Der hohen Fluktuation der Mitarbeiter:innen könnte man entgegenwirken, indem man beispielsweise Ehrenamtliche und FSJler:innen gezielt schult , sodass sie beispielsweise Arbeit bei einer Telefonhotline übernehmen und der Überforderung der Behörden damit präventiv entgegenwirken können. Auf diese Weise können erste Fragen direkt geklärt werden und kompliziertere Problematiken durch die FSJler und Ehrenamtliche zügig an das zuständige Fachpersonal weitergeleitet werden, ohne dass Monate vergehen. Ideal für diese Arbeit wären FSJler und Ehrenamtliche, die mehrere Sprachen beherrschen, damit Antragsteller:innen, die weder Deutsch noch Englisch können, geholfen werden kann. Auch wenn dies erstmal eine temporäre Lösung wäre, würde sie für ein wenig Entlastung innerhalb der Behörde sorgen.
Ein weiterer Aspekt der, den Ansturm auf die Ausländerbehörde verringern würde, wäre eine Verlagerung. Wenn es die Möglichkeit gäbe, als Einwohner:in Darmstadts eigene Anliegen in umliegenden Behörden, anstatt in Darmstadt, bearbeiten zu lassen, würden für Migrant:innen vermehrt Termine in Darmstadt zur Verfügung stehen. Für so eine Änderung müssten einige Hebel in Bewegung gesetzt werden. Mittlerweile ist es an der Zeit.

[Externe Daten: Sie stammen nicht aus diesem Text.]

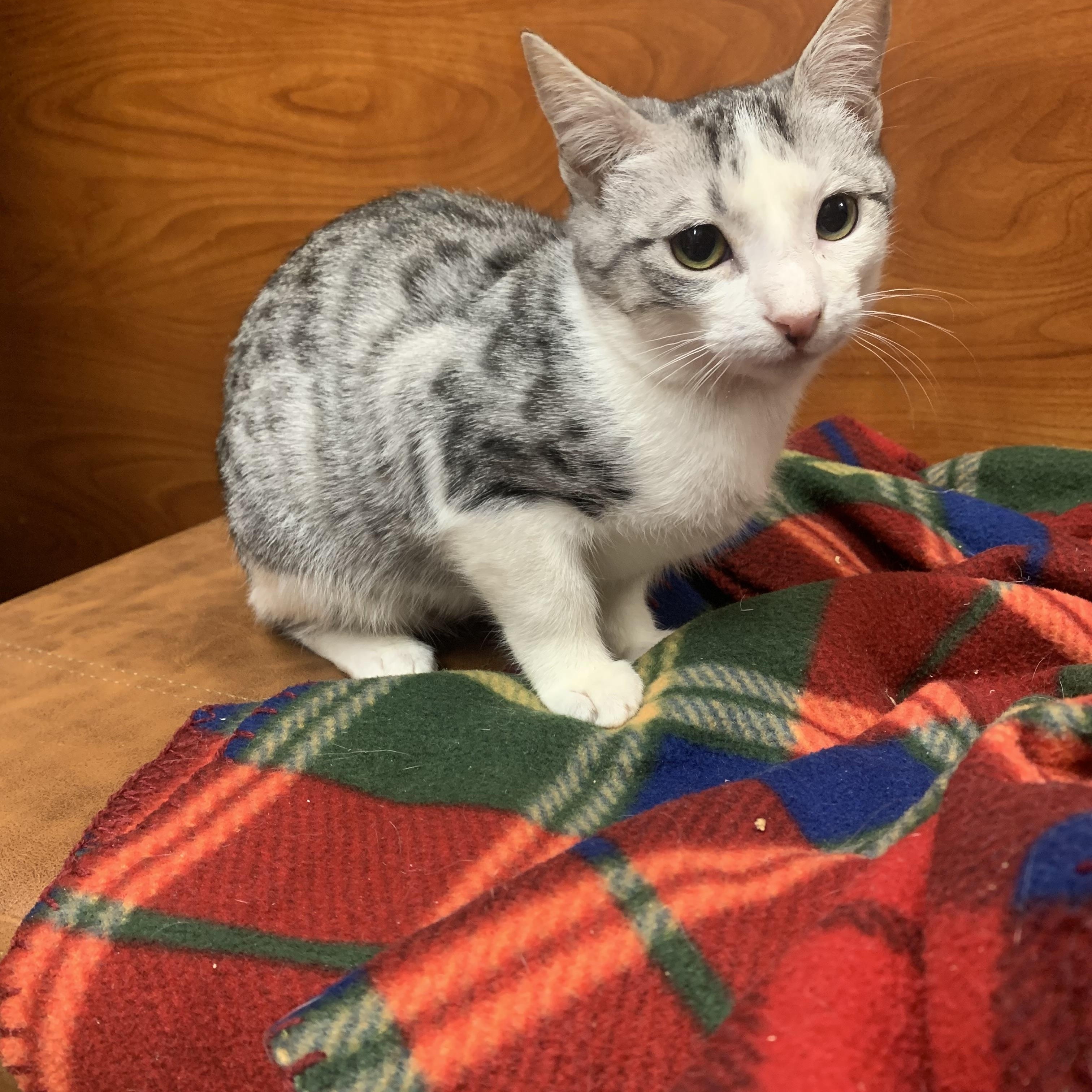 Muffin, Adoptable, Kitten Female Domestic Short Hair.
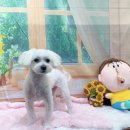 호이펫샵 이미지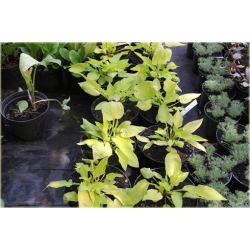 bylina Rdest Golden Arrow B341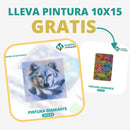 🎨PINTURA DIAMANTE 5D - ¿Por qué pintar con colores cuando puedes pintar con diamantes?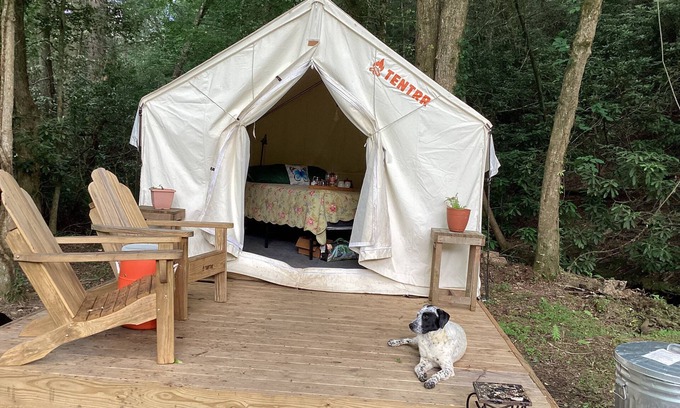 Turtletown RV Rental | Luxury Off Grid Camping at its finest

Um das Problem grundsätzlich und auf lange Sicht zu lösen, muss auch die Politik aktiv werden. Die Anforderungen für Migrant:innen sollten erfüllbarer gestaltet werden. Zum Teil werden von ihnen Dokumente eingefordert, die selbst die wenigsten deutschen Bürger:innen griffbereit haben. Bis es so weit ist, muss jedoch noch einiges geschehen.